Norway is currently in a pressing geopolitical situation. The first-ever National Security Strategy from May 2025 described the contemporary situation as the most alarming security situation since World War II. As always, Norway’s eastern neighbour and the world’s largest state, Russia, poses the most immediate threat.

Norwegian security rests upon a cohesive Western security community in which collective security guarantees through NATO are decisive. Within this cooperation, the United States remains Norway’s most important ally. At the same time, the transatlantic relationship is changing. The United States expects greater participation, action, and commitment from European states to strengthen their own security, while China’s rise as a major geopolitical player has contributed, since at least 2011, to a prolonged U.S. shift of strategic focus toward Asia. Power politics is increasingly more prominent compared to multilateral cooperation between states, and the rules-based international order, which has, with varied success, been followed since the end of the Second World War, is under pressure.

Under such circumstances, small states’ room for manoeuvre is often greatest in the lower end of the conflict spectrum. Low tension and stability in the High North have therefore historically characterised Norway’s relationship with Russia and the Soviet Union. Yet growing security concerns in Europe increase the risk of confrontation and unwanted incidents, and interest in the North Atlantic, the Arctic, and the Barents Sea is rising.

On this basis, this text scrutinises the following question: How was Norway’s low-tension policy put into practice during 1960–1985, and how well do these principles hold up in today’s situation?

 A brief theoretical framework is first presented to guide the analysis, followed by a discussion of the contemporary relevance of Norway’s Cold War policies.

Denne artikkelen er en del av Stratagems mentorordning og gjort mulig etter støtte fra Eckbos legat.

Abandonment and entrapment risk

Many theories have been proposed to explain how states navigated uncertainty during the Cold War. In the Norwegian context, alliance theory is particularly useful. It suggests that allies face a double security dilemma: a risk of abandonment and a risk of entrapment.

Abandonment is the fear that an ally will not come to one’s aid in a crisis. Entrapment is the fear of being dragged into an ally’s escalation or conflicts one does not necessarily want or benefit from. Abandonment risk tends to fall when alliance commitments are clear, public, and institutionalised.

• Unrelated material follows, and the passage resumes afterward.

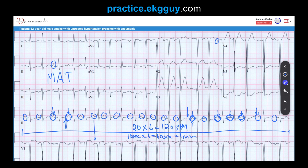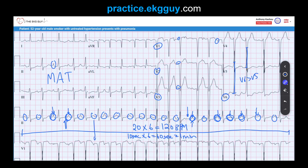Non-voltage LVH findings include absent R-waves in V1 to V3 — essentially no R-waves at all, indicating poor anterior forces and poor R-wave progression. Additionally, the R-wave amplitude in V6 is greater than in V5. Also notable is the absence of any Q-wave in leads I, V5, and V6 — those lateral leads — which helps support the LVH diagnosis.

However, those same measures can raise entrapment risk by making it harder to distance oneself if the ally escalates. Entrapment risk, in turn, tends to fall when commitments are more conditional or ambiguous, when force posture is limited and defensive, and when consultation rules constrain rapid escalation. This, in turn, can increase fears of abandonment by allies. In practice, states calibrate commitments, deployments, and action patterns to manage this two-sided dilemma. On this basis, how was Norway’s low-tension policy managed during the Cold War?

Low tension policy, 1960–1985

During the Cold War, Norway had to balance its relationship with the mighty Soviet Union while maintaining a strong commitment to NATO and the Western bloc. Norwegian geopolitical priorities rested on two assumptions. First, deterrence of a Soviet attack required clear alignment with NATO and credible allied support, balanced by self-imposed restrictions to avoid unnecessary provocations to Moscow. Second, allies had to be kept closely engaged in the northern areas through exercises, infrastructure, and intelligence cooperation to tie them to the region.

A clear alignment with NATO and the US has been a large part of Norways geopolitical prioritizations. Here, President John F. Kennedy and First Lady Jacqueline Kennedy meets with the Norwegian Prime Minister, Einar Gerhardsen, and his wife, First Lady Werna Gerhardsen in 1962. Photo: Wikimedia commons

This logic has been a continuous Norwegian interest since 1949. It was expressed through a firm alliance, anchored by measures to keep the relationship stable and predictable, and governed by multilateral agreements and international law, especially those governing the seas. Norway also maintained self-imposed restrictions with the explicit purpose of keeping tensions low. Prominent examples include the base policy that prohibits foreign military bases on Norwegian territory in peacetime and a cautious approach to military presence on Svalbard. These restrictions, however, did not prevent Norway from fulfilling its part of the commitment to the alliance by providing knowledge, policy, and intelligence in the High North and the Arctic region.

Pragmatism on economic zones and incidents at sea

During the 1970s, new law-of-the-sea rules and Norway’s significant expansion of its maritime economic zone, combined with resource management, had a major impact on Norway’s sovereignty policy and Cold War practice.

In 1977, Norway established a 200-nautical-mile Economic Zone (EEZ) in accordance with the principles of the UN Convention on the Law of the Sea. This greatly expanded Norwegian economic interests, increased Norway’s geopolitical importance in the region, and created new implications for relations with other states.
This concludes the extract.